Front Bumper Removal

Time:

30 minutes30 mins

Tab:

$0

Talent:

**

Tools:

floor jack & jack stands, 10mm wrench, socket set, screwdrivers

Applicable Models:

R50 MINI Cooper Hatchback (2002-06)
R52 MINI Cooper Convertible (2005-08)
R52 MINI Cooper S Convertible (2005-08)
R53 MINI Cooper S Hatchback (2002-06)
R55 MINI Cooper Clubman Wagon (2008-14)
R55 MINI Cooper JCW Clubman Wagon (2009-14)
R55 MINI Cooper S Clubman Wagon (2008-14)

Parts Required:

front bumper

Hot Tip:

Use quality jacks and jack stands

Performance Gain:

Allows easy access to radiator, alternator, supercharger and other engine components.

Complementary Modification:

Replace outside air temperature sensor
How to Maintain and Modify your new MINI

This article is one in a series that have been released in conjunction with Pelican Parts' new book, How to Maintain and Modify your new MINI The book contains 240 pages of full color projects detailing everything from performance mods to changing your brake pads. With more than 500+ full-color glossy photos accompanying extensive step-by-step procedures, this book is required reading in any MINI owner's collection. The book is due to be released in late 2015. See The Official Book Website for more details.

In order to access certain components on the MINI, the front bumper and carrier must be removed. Now, this sounds a bit difficult, but actually is quite easy and only takes about 30 minutes to accomplish.

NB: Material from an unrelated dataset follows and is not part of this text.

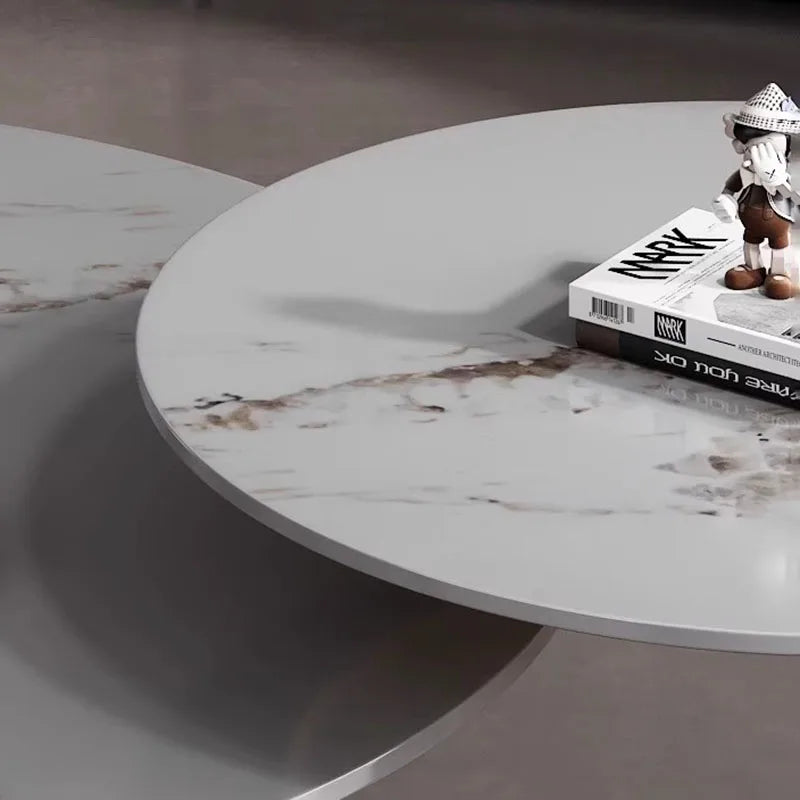 The Premium Round Coffee Table features a round design with a small figurine and two stacked books displayed on top.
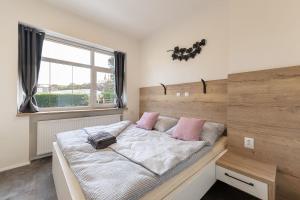 Posteľ alebo postele v izbe v ubytovaní Apartsee Wellness Plzeň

Begin by jacking up the front of the car and secure it with good jack stands. Now climb underneath the front of the engine. At the rear of the splash shield are two Phillips head locking screws. As you turn them, they eject from the subframe, releasing the rear of the shield (See Figure 1).

The front edge of the splash shield is secured with three 10mm bolts at the rear edge of the front bumper cover. On some cars, only the center 10mm bolt is visible from the outside. On our car, the bolts are somewhat hidden up above the lip of the bumper cover. Use a ratcheting 10mm wrench to access these two bolts. You will have just enough room to access them (See Figure 2).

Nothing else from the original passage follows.